Infection by the human T-cell leukemia virus type 1 (HTLV-1) is thought to cause dysregulated T-cell proliferation, which in turn leads to adult T-cell leukemia/lymphoma. Early cellular changes after HTLV-1 infection have been difficult to study due to the poorly infectious nature of HTLV-1 and the need for cell-to-cell contact for HTLV-1 transmission. Using a series of reporter systems, we show that HeLa cells cease proliferation within one or two division cycles after infection by HTLV-1 or transduction of the HTLV-1 tax gene. HTLV-1-infected HeLa cells, like their tax-transduced counterparts, expressed high levels of p21CIP1/WAF1 and p27KIP1, developed mitotic abnormalities, and became arrested in G1 in senescence. In contrast, cells of a human osteosarcoma lineage (HOS) continued to divide after HTLV-1 infection or Tax expression, albeit at a reduced growth rate and with mitotic aberrations. Unique to HOS cells is the dramatic reduction of p21CIP1/WAF1 and p27KIP1 expression, which is in part associated with the constitutive activation of the phosphatidylinositol-3-kinase (PI3K)-protein kinase B (Akt) pathway. The loss of p21CIP1/WAF1 and p27KIP1 in HOS cells apparently allows HTLV-1- and Tax-induced G1 arrest to be bypassed. Finally, HTLV-1 infection and Tax expression also cause human SupT1 T cells to arrest in the G1 phase of the cell cycle.
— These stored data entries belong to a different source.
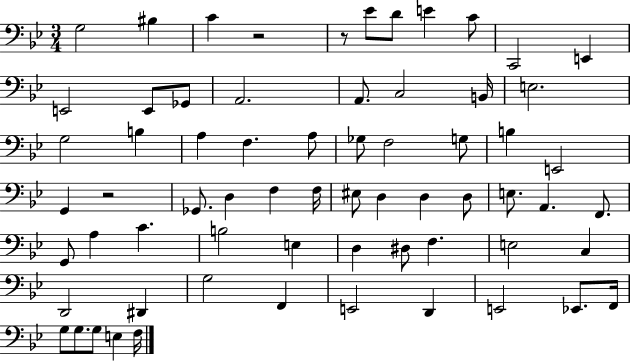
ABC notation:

X:1
T:Untitled
M:3/4
L:1/4
K:Bb
G,2 ^B, C z2 z/2 _E/2 D/2 E C/2 C,,2 E,, E,,2 E,,/2 _G,,/2 A,,2 A,,/2 C,2 B,,/4 E,2 G,2 B, A, F, A,/2 _G,/2 F,2 G,/2 B, E,,2 G,, z2 _G,,/2 D, F, F,/4 ^E,/2 D, D, D,/2 E,/2 A,, F,,/2 G,,/2 A, C B,2 E, D, ^D,/2 F, E,2 C, D,,2 ^D,, G,2 F,, E,,2 D,, E,,2 _E,,/2 F,,/4 G,/2 G,/2 G,/2 E, F,/4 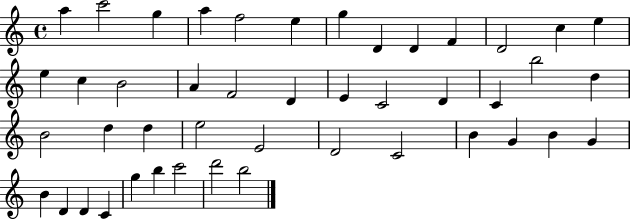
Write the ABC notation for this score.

X:1
T:Untitled
M:4/4
L:1/4
K:C
a c'2 g a f2 e g D D F D2 c e e c B2 A F2 D E C2 D C b2 d B2 d d e2 E2 D2 C2 B G B G B D D C g b c'2 d'2 b2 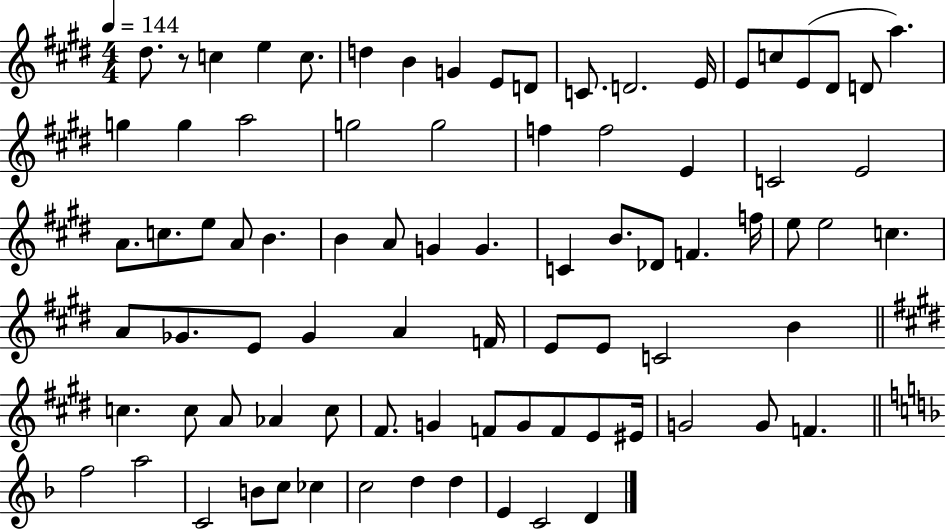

These results suggest that productive HTLV-1 infection ordinarily leads to Tax-mediated G1 arrest. However, T cells containing somatic mutations that inactivate p21CIP1/WAF1 and p27KIP1 may continue to proliferate after HTLV-1 infection and Tax expression. These infected cells can expand clonally, accumulate additional chromosomal abnormalities, and progress to cancer.